ModuleNotFoundError: No module named 'gensim'

In [12]:
import gensim
print(gensim.__version__)


ModuleNotFoundError: No module named 'gensim'

4. The Contextual Era (ELMo, Seq2Seq + Attention)

Sklearn cannot do deep contextual embeddings.

Use tensorflow.keras or huggingface/transformers for contextual embeddings.

You can simulate sequence models with sklearn pipelines on n-grams, but context is limited.

5. The Transformer Era (BERT, GPT-2)

Sklearn cannot train transformers.

Use transformers library from Hugging Face: BertModel, GPT2Model, DistilBERT.

Sklearn can still be used on top of embeddings for classification/regression:

In [13]:
from transformers import BertTokenizer, BertModel
import torch

tokenizer = BertTokenizer.from_pretrained('bert-base-uncased')
model = BertModel.from_pretrained('bert-base-uncased')

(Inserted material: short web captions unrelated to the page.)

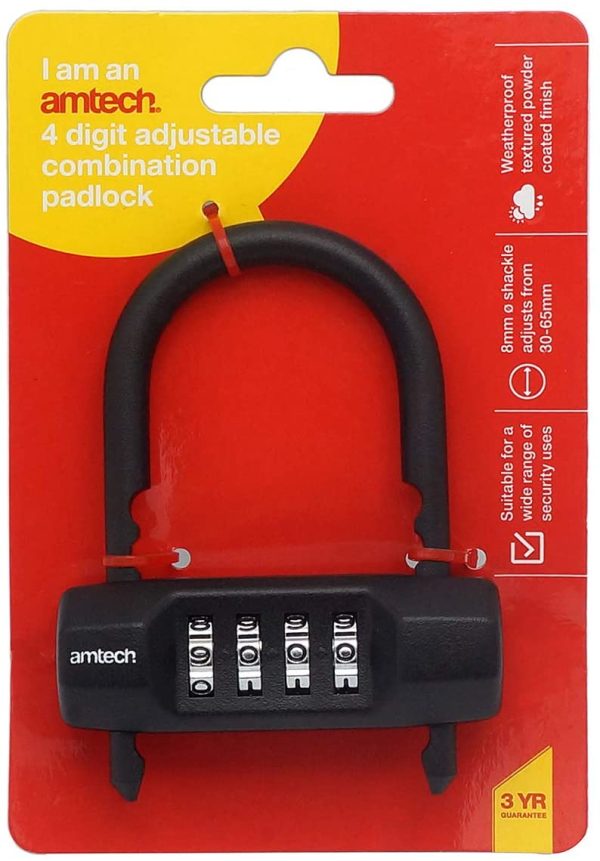 AMTECH 4-DIGIT ADJUSTABLE COMBINATION PADLOCK (30-65MM)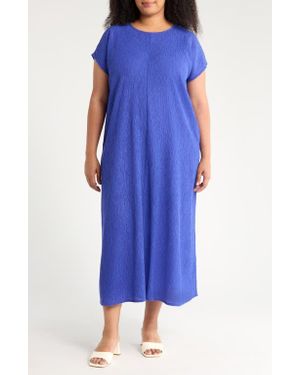 Eileen Fisher Short Sleeve Jacquard Maxi Dress - Blue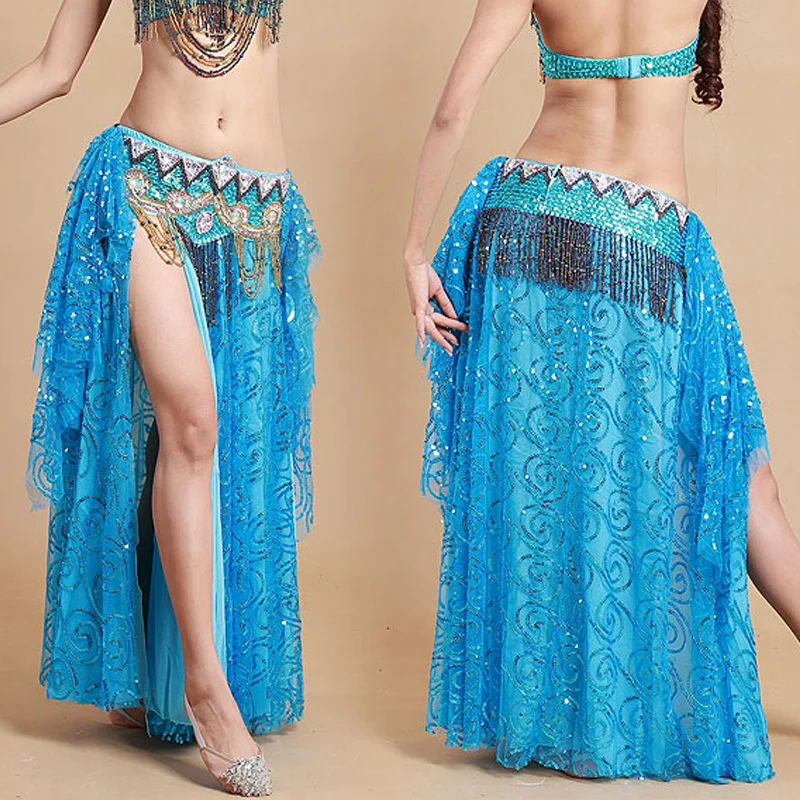 Vestidos 2016 árabes lentejuelas chifón danza del vientre Falda larga Vestidos de noche Bellydance disfraces egipcios 6 colores _ - AliExpress Mobile
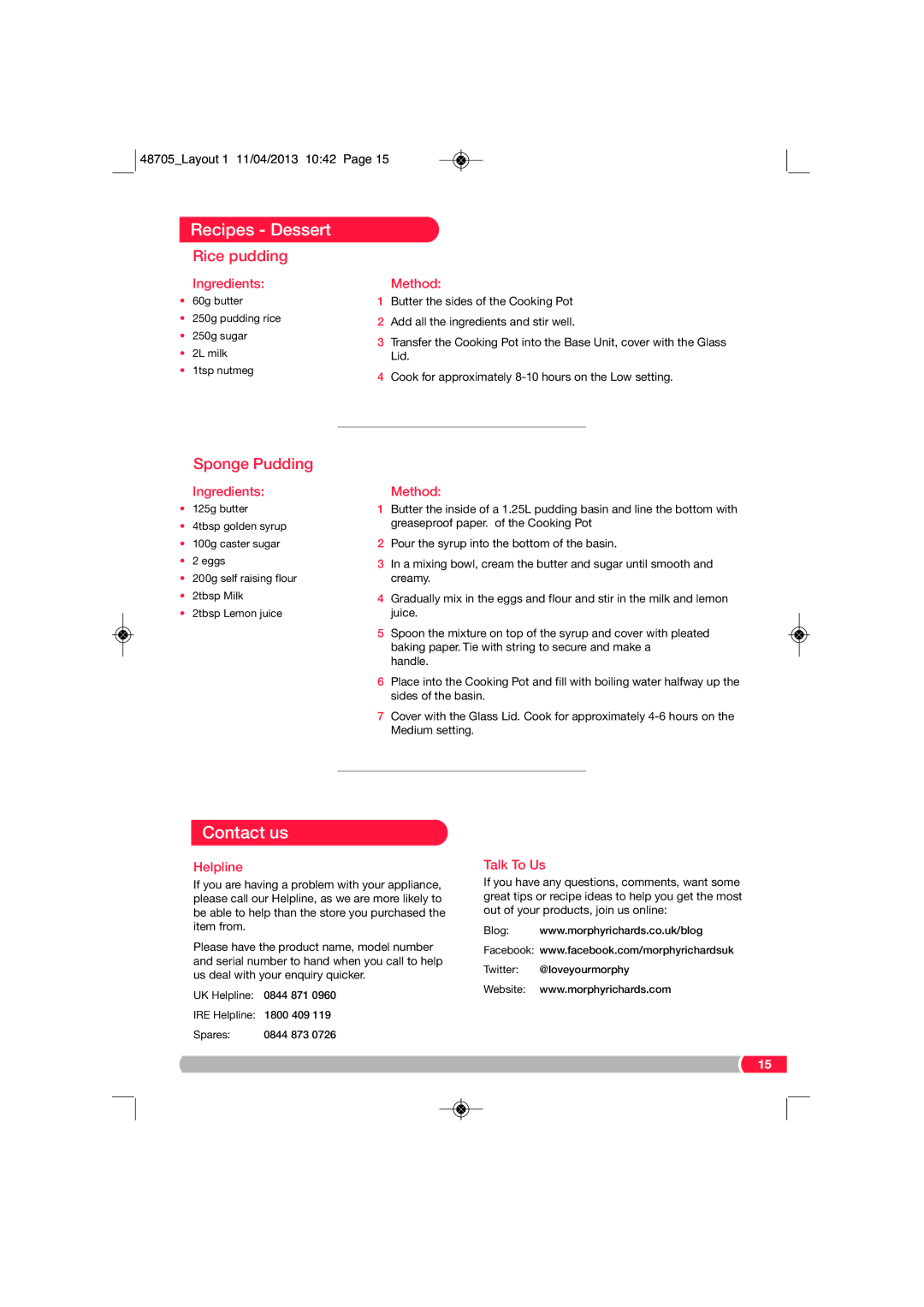 Morphy Richards SC48705 manual Recipes Dessert, Contact us, Rice pudding, Sponge Pudding 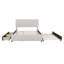 Lit rembourré en lin beige avec tête de lit classique et lit gigogne-809264646-809264667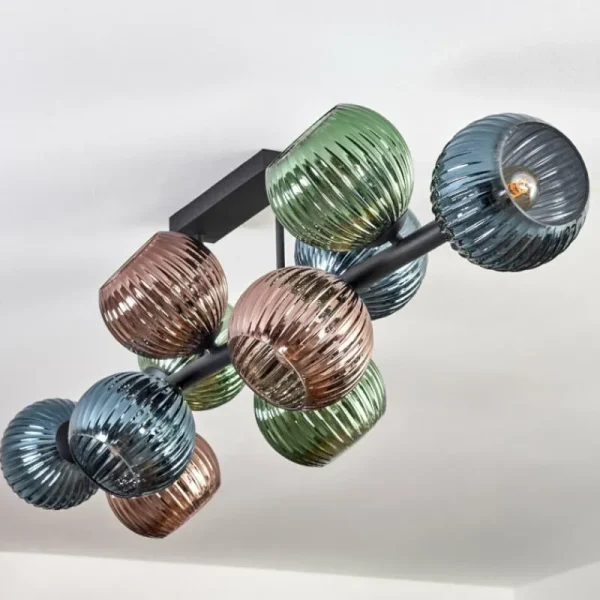 hofstein Gastor Plafonnier, Boule lumineuse Bleu, Vert, Cuivré, 10 lumières* Lampes Modernes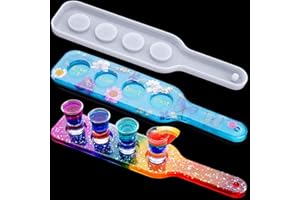 NiArt Shot Glass Serving Tray DIY Epoxy Resin Art Silicone Casting Mold, 4 Holes Board Beer Flight Paddle Holder Wine Whiskey Tasting Sampler Hanger Agate Home Decor Gift Crafts Party Clubs UV Plaster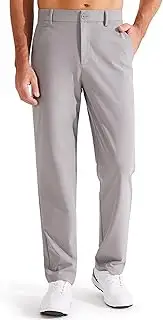 [Libin] Men's Golf Pants Classic Fit Flat Front Work Dress Pants 29" 31" 33" Stretch Casual Pants Lightweight with Pockets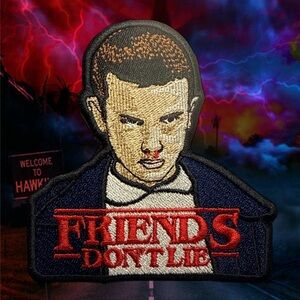 Embroidered 'Friends Don't Lie' Patch - Black, Red, Cream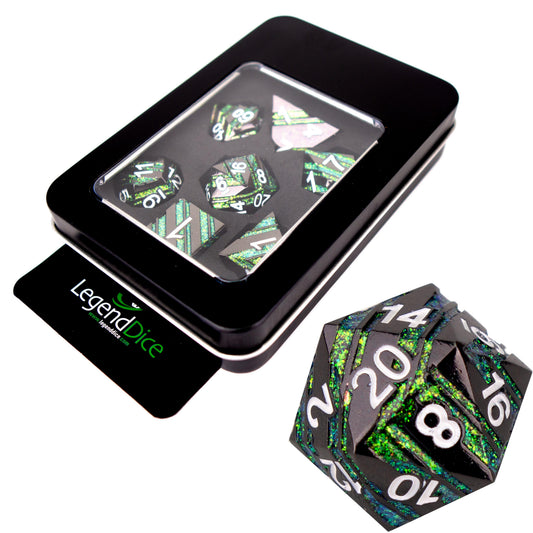 Poly Dice Set - Metal - Strata Black with Green, Display Tin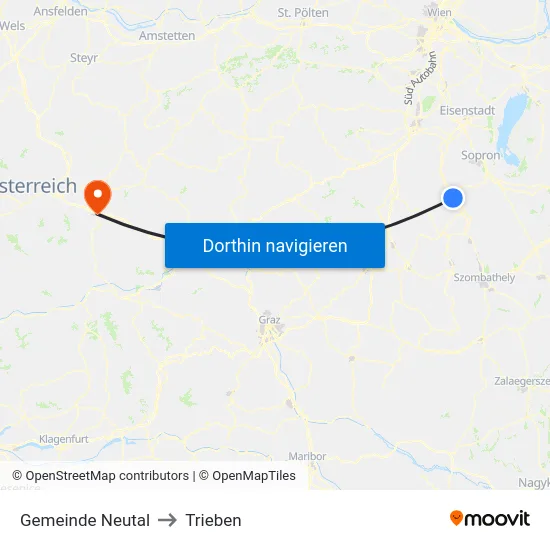 Gemeinde Neutal to Trieben map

inputs = tokenizer("I love cats", return_tensors="pt")
outputs = model(**inputs)
embedding = outputs.last_hidden_state


ModuleNotFoundError: No module named 'transformers'

6. The Scale Era (GPT-3/4/5, LLaMA)

Access via API (OpenAI, Hugging Face Inference API).

Use embeddings as input to sklearn models for downstream tasks: clustering, classification, semantic search.

7. The Multimodal Era (CLIP, GPT-4V, Gemini)

Sklearn cannot handle multimodal directly.

Use OpenAI CLIP, Hugging Face CLIP models, or other vision+text embeddings.

Once embeddings are obtained, sklearn can handle clustering, similarity search, classification.